Beliebte Gesellschaftsspiele: Teamgeist statt Schadenfreude

30.1.2014, 10:28 Uhr
"Hanabi" setzt auf die Kooperation der Spieler.

© dpa "Hanabi" setzt auf die Kooperation der Spieler.

Natürlich: Auch „Mensch ärgere Dich nicht“ kann man im Team spielen. Zum Beispiel, indem man die Figuren eines Spielers, der sich besonders penetrant auf der Siegerstraße befindet, gemeinsam rauskegelt. Aber eigentlich ist der Klassiker unter den deutschen Gesellschaftsspielen, der dieses Jahr seinen hundertsten Geburtstag feiert, ein Beispiel für ein Spiel, das auf das Prinzip setzt: Nur einer kann gewinnen.

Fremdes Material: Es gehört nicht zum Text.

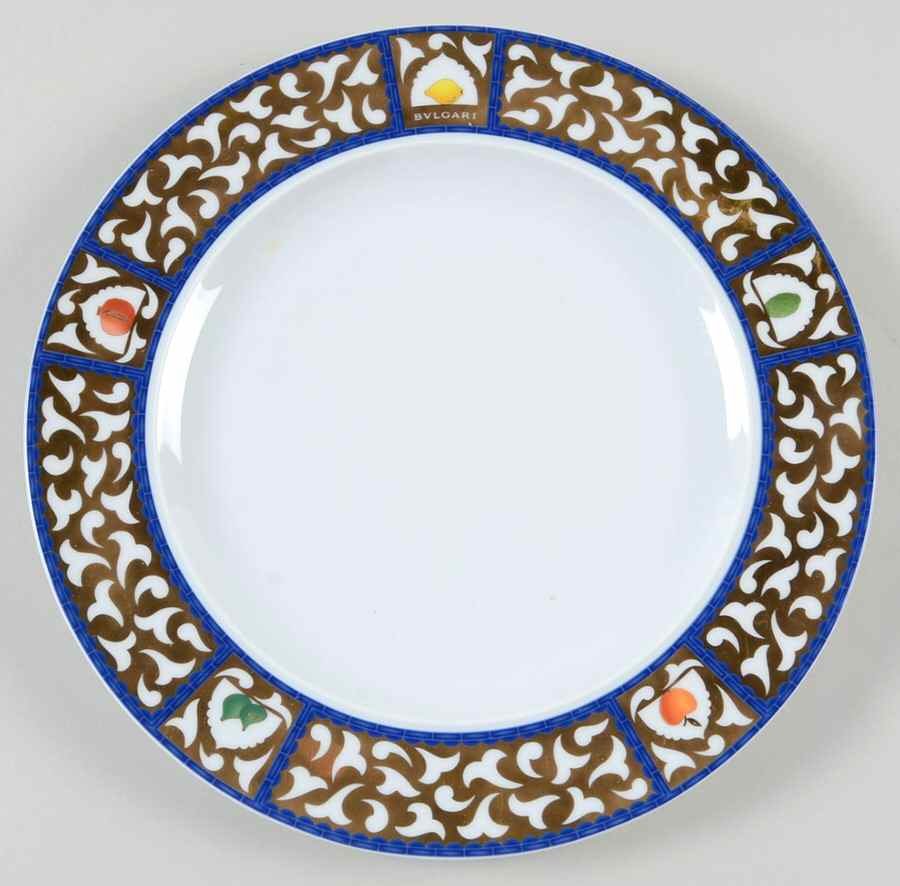 Frutta Alla Finestra Gold Dinner Plate by Rosenthal - Continental-1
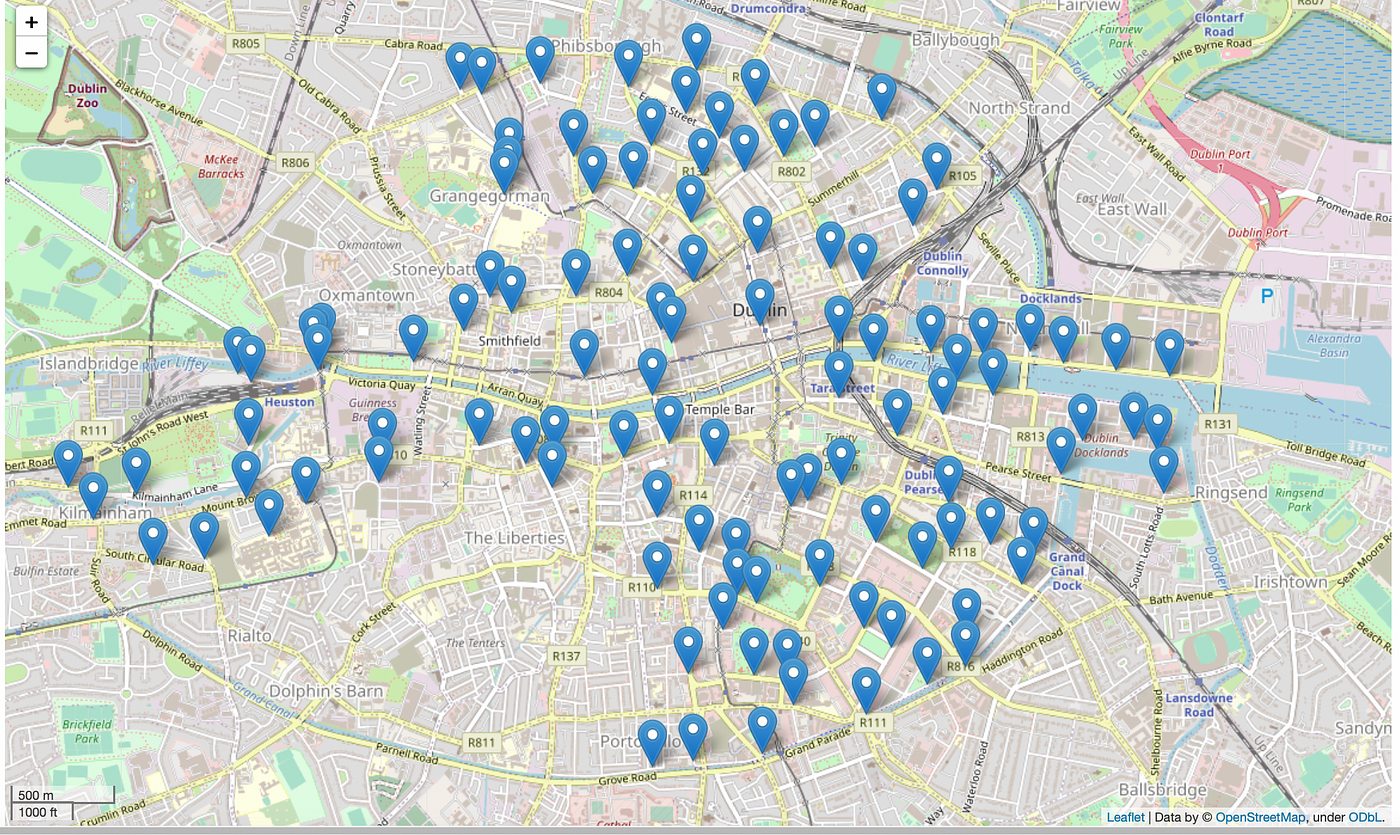 Folium Map Examples Python Creating A Simple Map With Folium And Python | By Liam Connors | Towards  Data Science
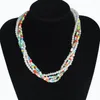 Chaînes Miwens 4 pièces/ensemble colliers de perles simulées acryliques pour femmes perles multicolores déclaration Chokcers collier cadeaux de perles artificielles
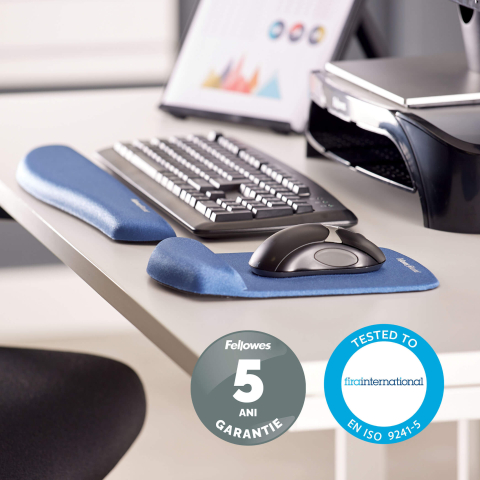 Suport tastatura plushtouch albastru fellowes [4]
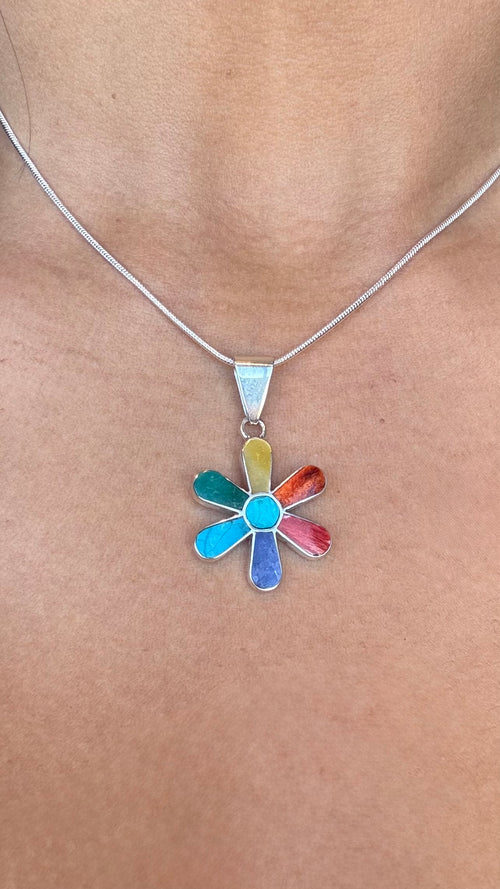 Colorful Flower Pendent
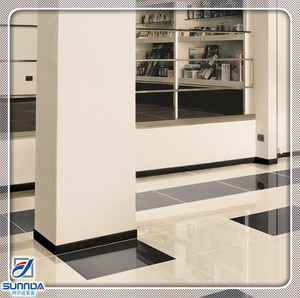 بلاط أرضيات مطبخ من البورسلين الهندي الأسود والأبيض اللامع عالي الجودة بخصم دولي - Product Image 3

Und die heftigen Gefühle, die Wut, der Siegestaumel und die Schadenfreude, die bei dem Wettkampf entstehen, sind auch ein Teil seines Erfolgsgeheimnisses. „Dazu kommt die Einfachheit der Regeln. Egal wo man ist, jeder kennt es. Man muss es nur auspacken und kann losspielen“, sagt einer, der sich mit dem populären Hobby auskennen muss: Der Journalist Karsten Grosser sitzt in der Jury für das „Spiel des Jahres“. Für den Schmidt Spieleverlag ist „Mensch ärgere Dich nicht“ ein Dauerbrenner. Rund 400000 Exemplare werden jedes Jahr verkauft, obwohl doch eigentlich schon jeder deutsche Haushalt eines besitzen müsste. Inbegriffen ist allerdings auch jedes mit einer Spielesammlung verkaufte Exemplar.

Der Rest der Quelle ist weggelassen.